Citing the corresponding provisions in its state code, the Washington State Commission on Judicial Conduct admonished a judge for, after same-sex marriage was approved by voters, publicly stating that he would not perform same-sex marriages but continuing to perform opposite-sex marriages. The judge accepted “the Commission’s determination that, by announcing he would not solemnize same-sex marriage due to his philosophical and religious concerns while continuing to solemnize opposite-sex marriages, he appeared to express a discriminatory intent against a statutorily protected class of people thereby undermining public confidence in his impartiality . . . .” The Commission stated:

Respondent is not required as a judicial officer to solemnize marriages. Having chosen to make himself available to solemnize some weddings, however, he is bound by the Code of Judicial Conduct to do so in a way that does not discriminate or appear to discriminate against a statutorily protected class of people.
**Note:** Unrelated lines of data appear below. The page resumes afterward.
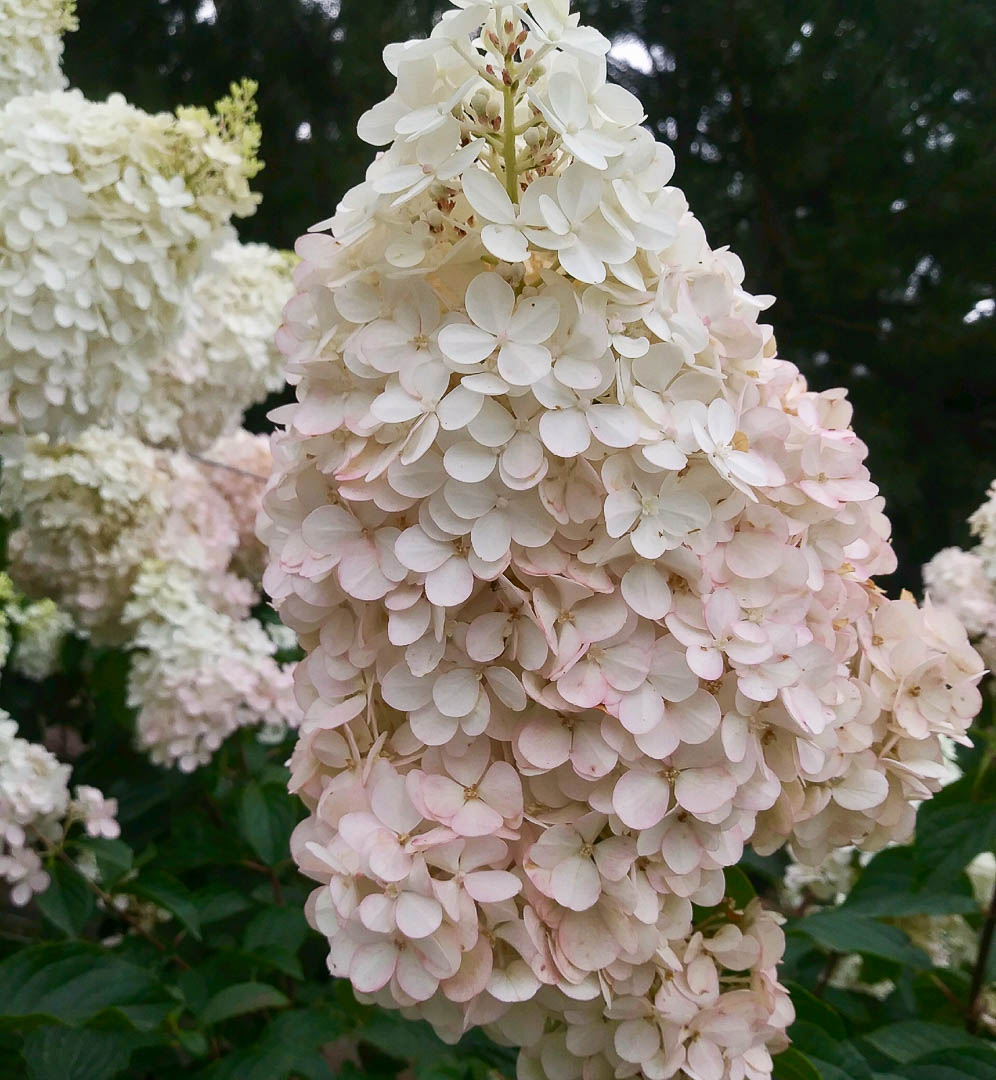 Vanilla Strawberry Hydrangea (Tree Form) | Garden Gate Nursery
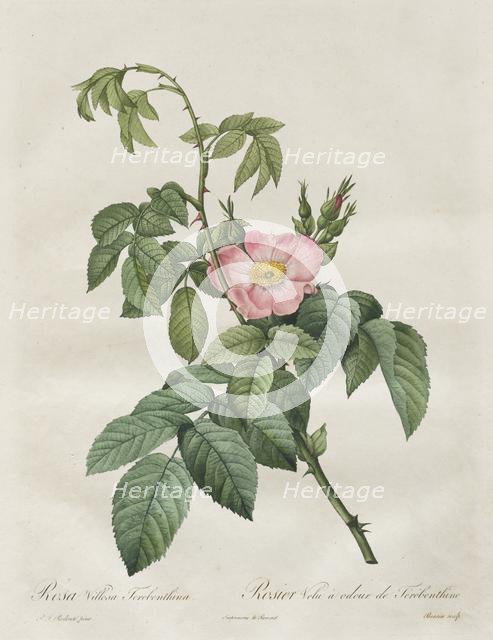 Les Roses: Rosa Villosa Terebenthina, 1817-1824. Creator: Henry Joseph Redouté (French, 1766-1853).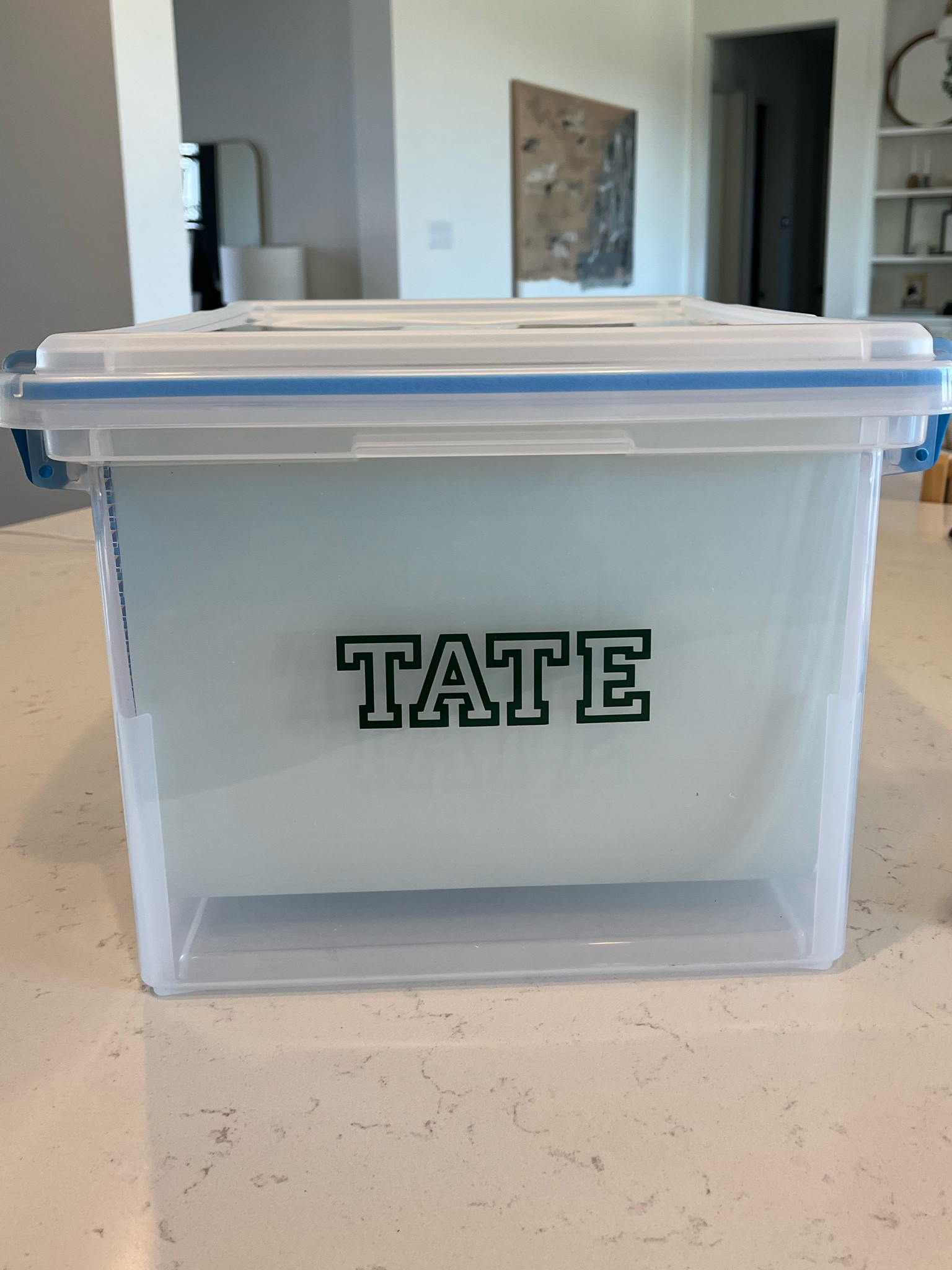 the best hack for kid organization - records, documents, keepsakes! 

#LTKkids #LTKFind #LTKbaby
The Code of Judicial Conduct imposes on judicial officers a specific, enforceable obligation to avoid bias and the appearance of bias. These obligations go beyond those imposed on others who serve the general public, reflecting the unique and integral role judicial officers play in our constitutional scheme of justice honoring the rule of law. Judges must not only be impartial, but must also be perceived as impartial, in order to properly fulfill that role . . . .

By even temporarily acting in a discriminatory fashion toward gay men and lesbians, in stating that he would not solemnize their marriages when he continued to solemnize heterosexual marriages, and by commenting on that decision publicly, a reasonable person could objectively conclude that he might act in a discriminatory fashion toward gay or lesbian litigants, lawyers, or witnesses.

In contrast, the New York Advisory Committee on Judicial Ethics ducked the issue by stating whether a judge may adopt a policy that distinguishes between same-sex and opposite-sex couples was primarily a legal question, not a question of ethics.